Better known as Marshall? I had no idea...


----------



## Taggart

Congratulations.


----------



## Art Rock

Congratulations!


----------



## Blancrocher

GreenMamba said:


> Better known as Marshall? I had no idea...


In addition to his excellent personal qualities and abilities, I'm also pleased that someone with the name Marshall has been chosen to be a high-level administrator and rule enforcer on this site.


----------



## TurnaboutVox

Blancrocher said:


> In addition to his excellent personal qualities and abilities, I'm also pleased that someone with the name Marshall has been chosen to be a high-level administrator and rule enforcer on this site.

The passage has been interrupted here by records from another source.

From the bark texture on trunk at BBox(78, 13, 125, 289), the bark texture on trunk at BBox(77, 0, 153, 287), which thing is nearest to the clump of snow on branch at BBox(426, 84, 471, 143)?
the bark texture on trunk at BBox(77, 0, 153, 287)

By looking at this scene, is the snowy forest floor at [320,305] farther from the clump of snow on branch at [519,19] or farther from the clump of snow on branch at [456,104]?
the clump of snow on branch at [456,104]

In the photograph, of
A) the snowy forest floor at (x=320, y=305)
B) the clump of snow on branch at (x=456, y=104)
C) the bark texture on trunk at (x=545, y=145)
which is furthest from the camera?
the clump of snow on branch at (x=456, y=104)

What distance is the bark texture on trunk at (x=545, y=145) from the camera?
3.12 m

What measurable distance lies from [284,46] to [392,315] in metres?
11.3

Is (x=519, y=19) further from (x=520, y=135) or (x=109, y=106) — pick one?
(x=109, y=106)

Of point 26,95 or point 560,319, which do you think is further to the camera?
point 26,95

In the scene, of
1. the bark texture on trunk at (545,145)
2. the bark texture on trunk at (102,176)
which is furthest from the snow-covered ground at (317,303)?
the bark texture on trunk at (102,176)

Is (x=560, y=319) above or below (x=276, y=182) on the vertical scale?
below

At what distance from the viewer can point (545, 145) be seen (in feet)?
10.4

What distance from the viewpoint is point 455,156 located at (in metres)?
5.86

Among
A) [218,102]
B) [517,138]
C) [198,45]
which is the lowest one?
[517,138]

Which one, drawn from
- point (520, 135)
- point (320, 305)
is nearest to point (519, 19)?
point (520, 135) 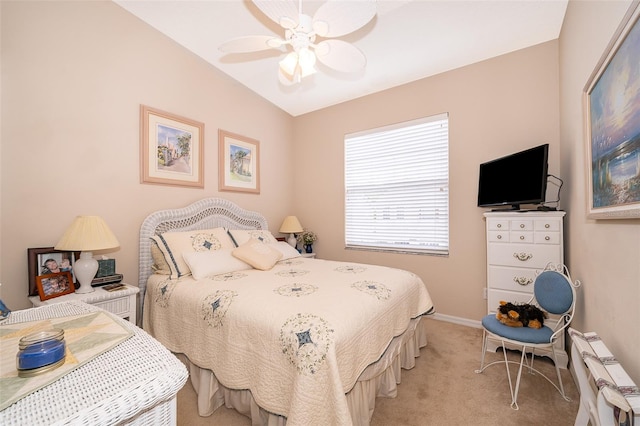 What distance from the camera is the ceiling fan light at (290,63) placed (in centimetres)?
189

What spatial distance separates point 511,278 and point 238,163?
125 inches

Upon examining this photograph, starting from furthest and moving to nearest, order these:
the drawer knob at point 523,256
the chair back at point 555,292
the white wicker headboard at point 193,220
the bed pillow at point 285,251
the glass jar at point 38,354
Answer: the bed pillow at point 285,251, the white wicker headboard at point 193,220, the drawer knob at point 523,256, the chair back at point 555,292, the glass jar at point 38,354

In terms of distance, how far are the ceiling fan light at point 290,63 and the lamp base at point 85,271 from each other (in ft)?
6.64

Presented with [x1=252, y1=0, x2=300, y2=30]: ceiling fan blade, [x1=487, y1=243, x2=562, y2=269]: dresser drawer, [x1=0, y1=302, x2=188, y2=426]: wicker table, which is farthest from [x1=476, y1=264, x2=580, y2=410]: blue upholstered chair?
[x1=252, y1=0, x2=300, y2=30]: ceiling fan blade

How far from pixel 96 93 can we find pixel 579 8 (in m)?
3.68

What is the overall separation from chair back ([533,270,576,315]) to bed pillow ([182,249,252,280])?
7.66ft

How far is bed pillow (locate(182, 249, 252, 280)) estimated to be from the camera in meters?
2.16

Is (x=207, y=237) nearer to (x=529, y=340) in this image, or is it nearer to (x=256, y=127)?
(x=256, y=127)

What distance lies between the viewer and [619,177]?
1.12m

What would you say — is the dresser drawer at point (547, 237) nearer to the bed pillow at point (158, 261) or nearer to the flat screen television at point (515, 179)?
the flat screen television at point (515, 179)

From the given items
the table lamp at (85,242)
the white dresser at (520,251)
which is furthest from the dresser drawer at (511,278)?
the table lamp at (85,242)

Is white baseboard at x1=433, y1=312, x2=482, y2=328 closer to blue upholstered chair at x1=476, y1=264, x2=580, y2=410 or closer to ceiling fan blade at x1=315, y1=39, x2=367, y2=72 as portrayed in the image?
blue upholstered chair at x1=476, y1=264, x2=580, y2=410

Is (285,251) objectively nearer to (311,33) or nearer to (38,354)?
(311,33)

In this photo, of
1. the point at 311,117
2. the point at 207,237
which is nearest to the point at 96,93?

Yes. Another triumph for nominative determinism!


----------



## Ingélou

Congratulations, Marshall - I am so pleased! You do such good work on TC and you thoroughly deserve this honour. :tiphat:


----------



## Guest

Congratulations .:tiphat:


----------



## elgar's ghost

Well done, sir.


----------



## Headphone Hermit

Excellent choice. 

Its great to see staff members who care and who are knowledgeable. Super stuff :tiphat:


----------



## Flamme

He seems a decent old chap...Congrats!


----------



## Ilarion

Congrats, Marshall - Keep up the great work you've been doing so far.


----------



## mmsbls

I thank everyone for their kind words. I consider myself lucky to have found a site like TC. I've learned an enormous amount about classical music, and I've been exposed to vastly more interesting and enjoyable music than I could have imagined. There are many fun, funny, interesting, knowledgeable, and kind people here who have made my involvement much more rewarding than expected. It is truly a joy to be part of this community.


----------



## Ukko

Aw jeez. The Iron Moderator is now the Iron Assistant Chancellor.


----------



## Ilarion

Ukko said:


> Aw jeez. The Iron Moderator is now the Iron Assistant Chancellor.


Dear Ukko,

Don't ya think it's enough with the *Iron Chancellor* in Germany?


----------



## Ingélou

I don't think 'iron' is the right epithet for Marshall - 'sensitive' or 'fair-minded' would be better.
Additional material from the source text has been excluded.